I'm new to the site, and I just got my very first Kindle today. It was a birthday/Christmas present, and I got a lighted case, the warranty and an Amazon gift certificate. I'm so excited, I've already played around with it this morning and will be doing so for quite awhile.


----------



## KBoards Admin (Nov 27, 2007)

My 13-year-old daughters opened their Kindles this morning, and my wife and I enjoyed their exclamations of delight!! They like the covers too - we got them a blue and a green lighted cover. 

We're now a 5-Kindle household!!


----------



## Cindy416 (May 2, 2009)

My husband and I gave a Kindle 3 to our son-in-law. He was completely surprised, and was somewhat speechless. (I think that means that he loves it!)   My daughter has been helping him set it up, and he's now on the road to being hooked on his Kindle, just as my daughters and I are. It was a lot of fun to give him something so great.


----------



## luvmy4brats (Nov 9, 2008)

My youngest daughter (9), got her Kindle today and she was thrilled. I don't think she was surprised because it was pretty much the only thing she asked for. She wanted the K3 with a Green Amazon cover with light and the Moon Tree DecalGirl skin... And that's EXACTLY what she got... I also preloaded and organized about 150 books for her.

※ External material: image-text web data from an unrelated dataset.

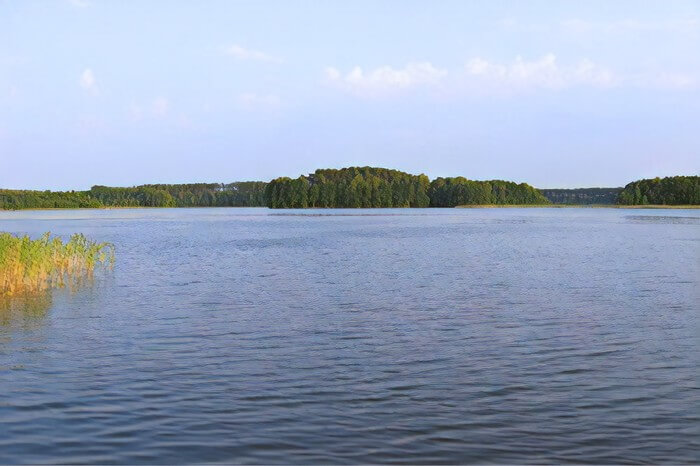 Jezioro Ocypel Wielki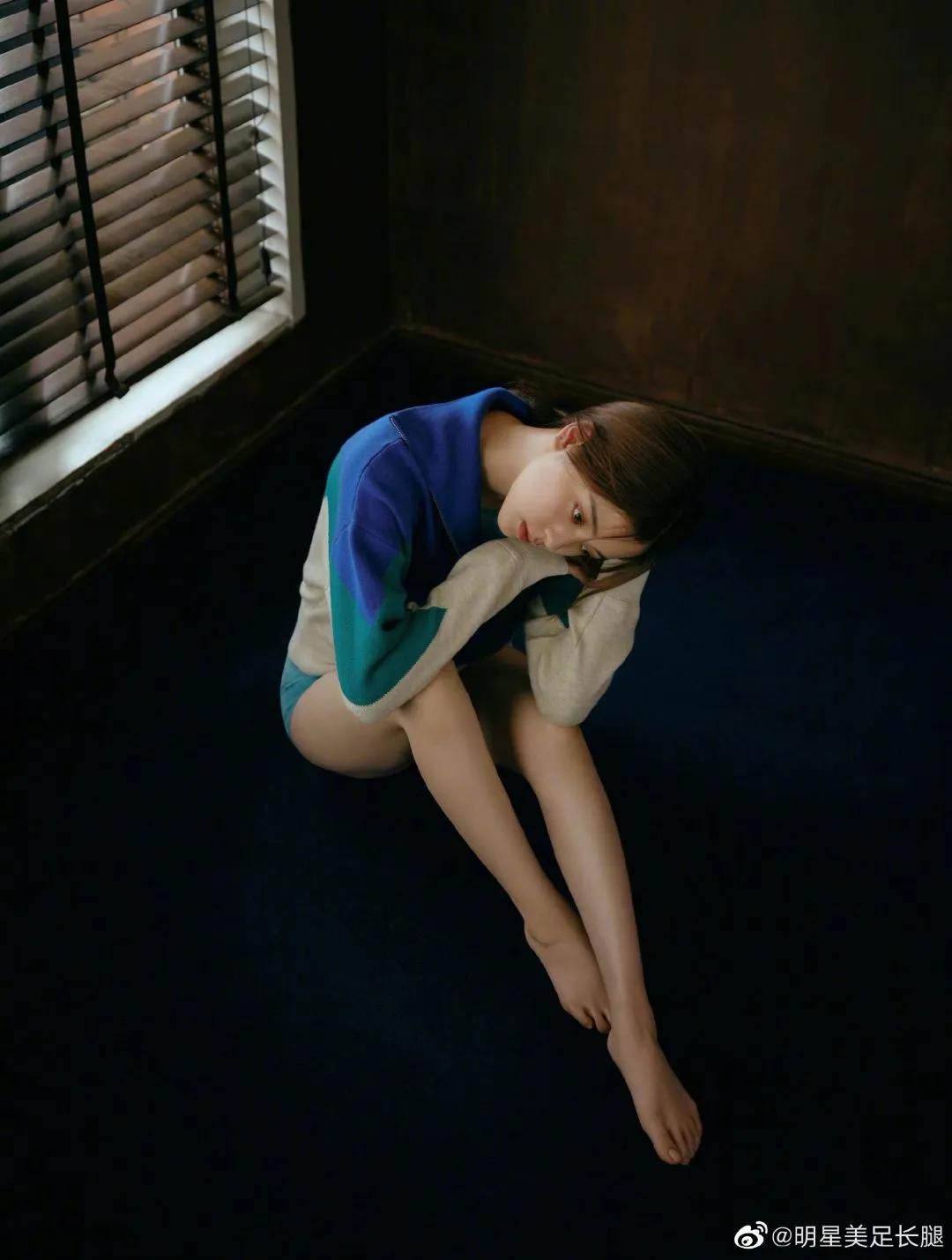 欧阳娜娜也长大了呢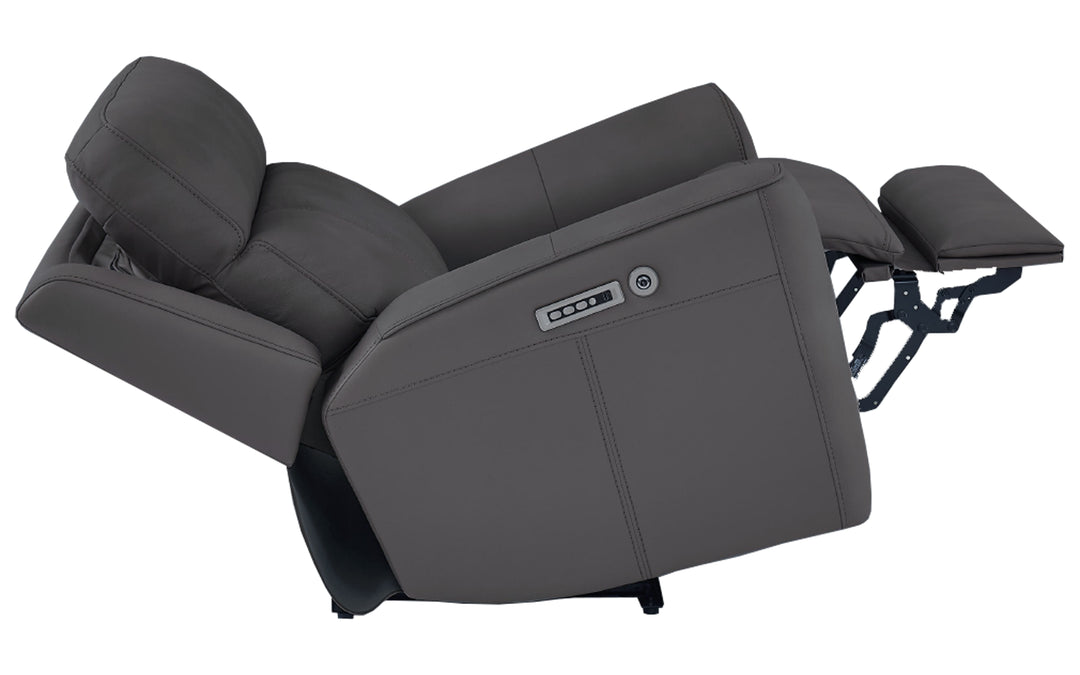 InMotion Leather Power Recliner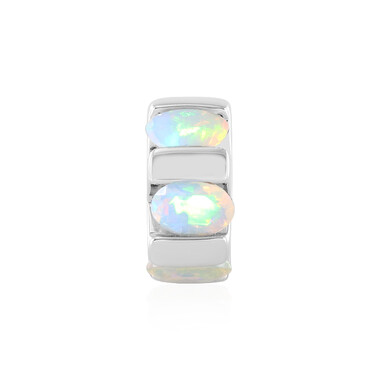 Welo-Opal-Silberanhänger (MONOSONO COLLECTION)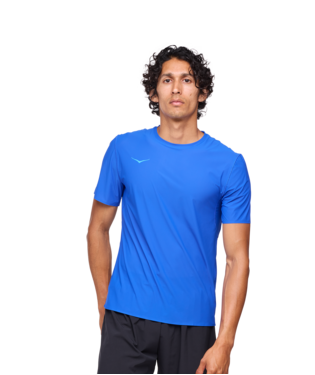 HOKA AIROLITE RUN SHORT SLEEVE M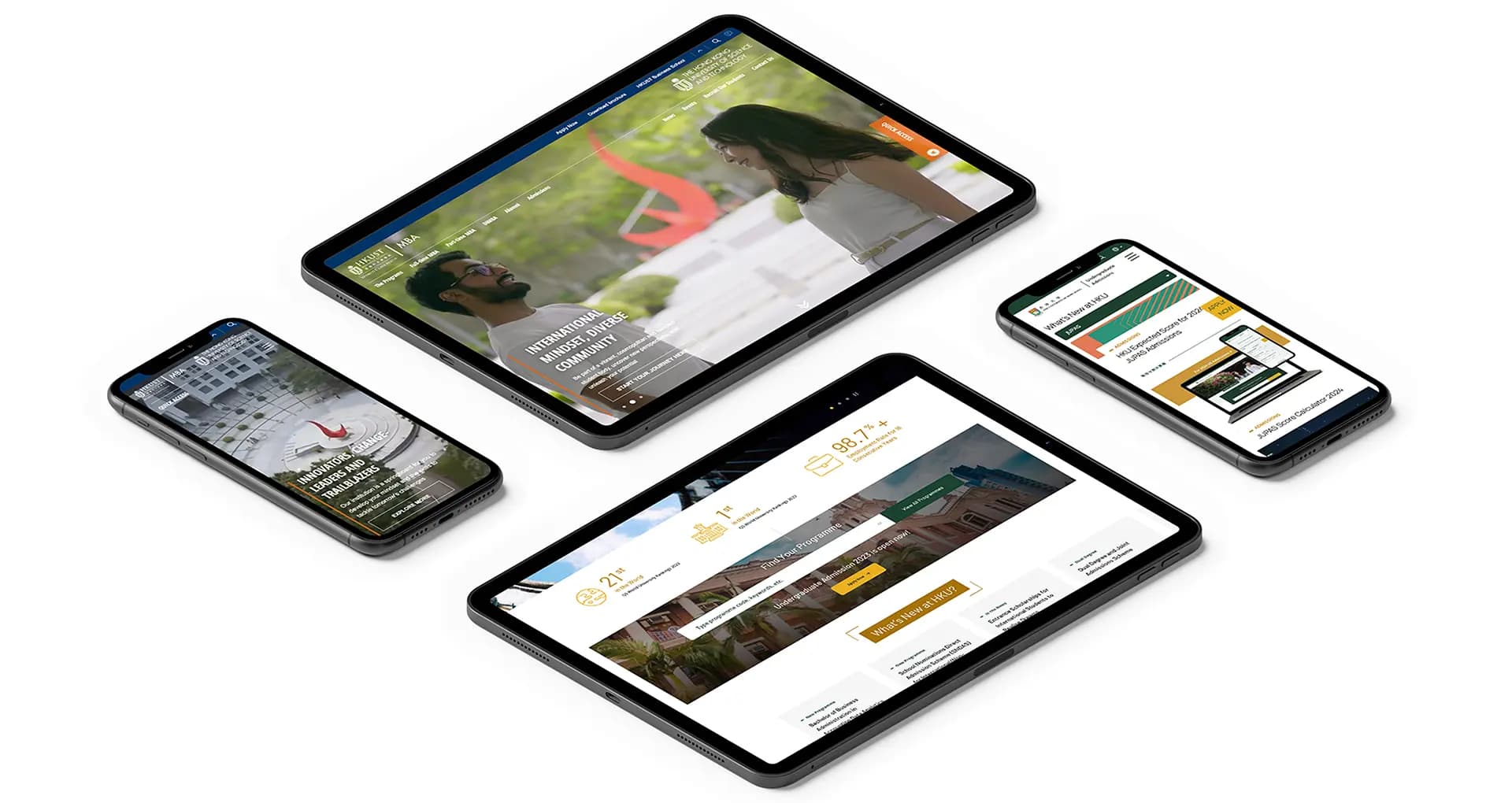 Responsive Websites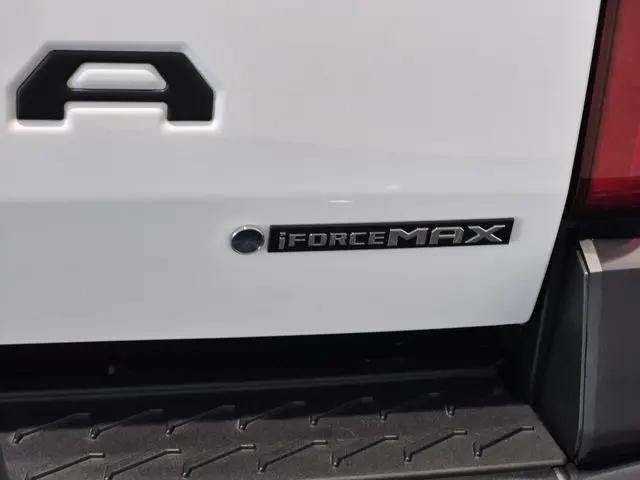 2026 Toyota Tacoma Trailhunter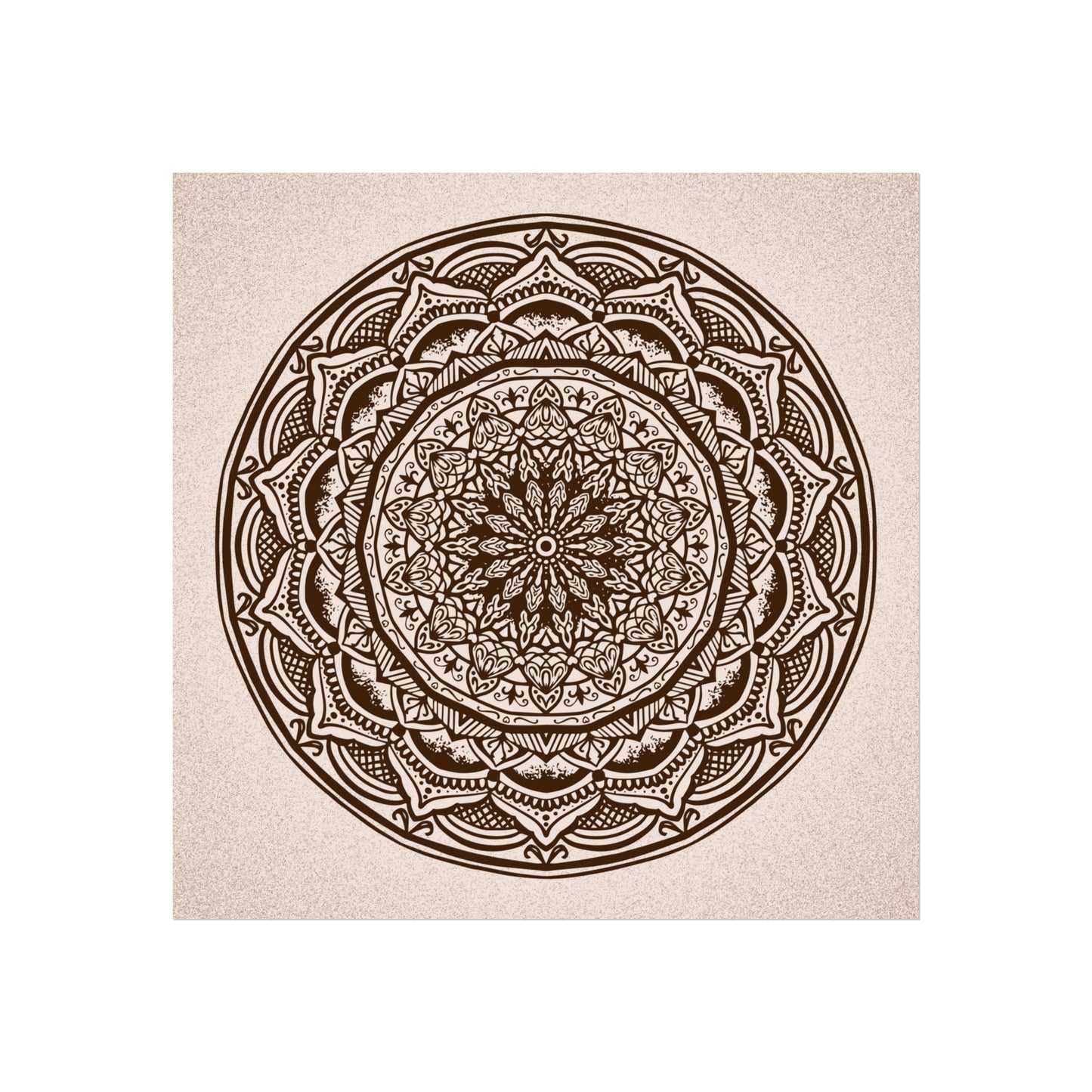 Mandala Fine Art Posters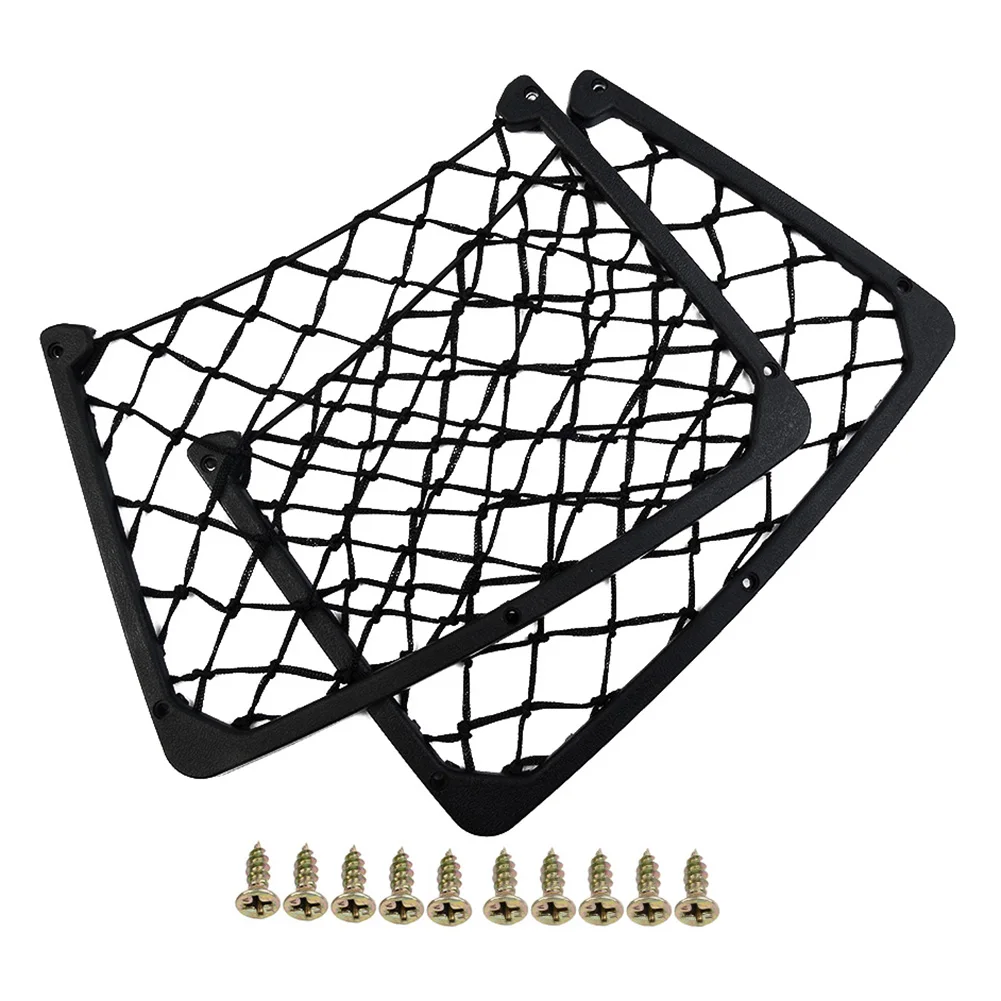 2Pcs Car Seat Back Elastic Storage Net Organizer Storage Mesh Bag Pocket Aotumobile Accessories For Car Caravan RV Boat
2Pcs Car Seat Back Elastic Storage Net Organizer Storage Mesh Bag Pocket Aotumobile Accessories For Car Caravan RV Boat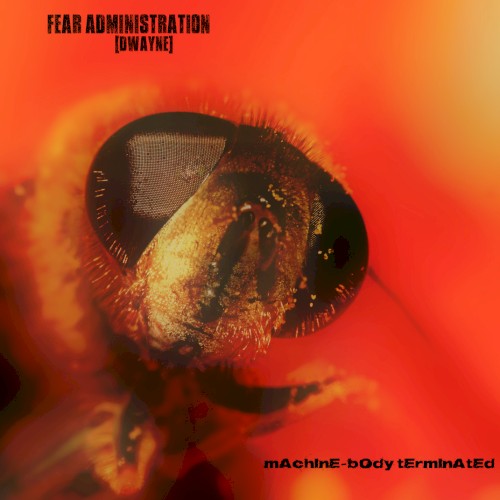 Machine-Body Terminated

Right now she's reading Winnie the Pooh.


----------



## Pinworms (Oct 20, 2010)

Check out this kids reaction when he got books for Christmas....

http://www.youtube.com/watch?v=3NGq3IXFmvs


----------



## htears (Dec 25, 2010)

My dauhgter was extremely happy with hers...until she opened the laptop to lol.  We put the Anne of Green Gables Series on hers, its FREE! I'm going to get me one in a couple of months.


----------



## skeeterman10 (Feb 26, 2009)

Well,received a K3 from wifey thing this morning. what a surprise. my poor K1! son, daughter, and 76 yr old mother have K-2,s middle brother a K3. youngest brother and I were last holdouts on K1. guess I will have to give wifey thing my trusty K1. Miss my scroll bar   and where is slot for my SD card? he-he but I have folder like things once I figure em out. Harvey even though its not 1 household now have you beat.  A 7 Kindle family!


----------



## KBoards Admin (Nov 27, 2007)

skeeterman10 said:


> Well,received a K3 from wifey thing this morning. what a surprise. my poor K1! son, daughter, and 76 yr old mother have K-2,s middle brother a K3. youngest brother and I were last holdouts on K1. guess I will have to give wifey thing my trusty K1. Miss my scroll bar  and where is slot for my SD card? he-he but I have folder like things once I figure em out. Harvey even though its not 1 household now have you beat. A 7 Kindle family!


That's a lot of Kindles!!

My daughters just bought Seabiscuit and Gone with the Wind and they're spinning through them... occasionally one will ask the other how far she is in terms of percentage complete.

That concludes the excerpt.